╭─ Input records
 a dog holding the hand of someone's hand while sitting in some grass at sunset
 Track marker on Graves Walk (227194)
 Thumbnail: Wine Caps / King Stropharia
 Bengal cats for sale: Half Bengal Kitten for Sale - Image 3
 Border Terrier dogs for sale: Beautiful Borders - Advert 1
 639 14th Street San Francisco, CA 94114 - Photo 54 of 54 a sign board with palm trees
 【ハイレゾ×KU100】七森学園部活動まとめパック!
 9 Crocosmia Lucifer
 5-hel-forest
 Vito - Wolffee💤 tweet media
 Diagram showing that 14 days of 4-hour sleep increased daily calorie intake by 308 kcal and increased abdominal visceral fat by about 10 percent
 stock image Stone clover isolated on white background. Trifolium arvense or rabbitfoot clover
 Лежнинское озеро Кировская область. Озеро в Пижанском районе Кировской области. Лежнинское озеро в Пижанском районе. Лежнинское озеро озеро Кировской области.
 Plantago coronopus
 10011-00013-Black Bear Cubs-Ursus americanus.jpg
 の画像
╰─
(What needs to be done) What is needed is an exact copy of the entries from their first line down to the line with "Diagram showing that", that line included, and nothing beyond it.

(Reply to the exercise)
 a dog holding the hand of someone's hand while sitting in some grass at sunset
 Track marker on Graves Walk (227194)
 Thumbnail: Wine Caps / King Stropharia
 Bengal cats for sale: Half Bengal Kitten for Sale - Image 3
 Border Terrier dogs for sale: Beautiful Borders - Advert 1
 639 14th Street San Francisco, CA 94114 - Photo 54 of 54 a sign board with palm trees
 【ハイレゾ×KU100】七森学園部活動まとめパック!
 9 Crocosmia Lucifer
 5-hel-forest
 Vito - Wolffee💤 tweet media
 Diagram showing that 14 days of 4-hour sleep increased daily calorie intake by 308 kcal and increased abdominal visceral fat by about 10 percent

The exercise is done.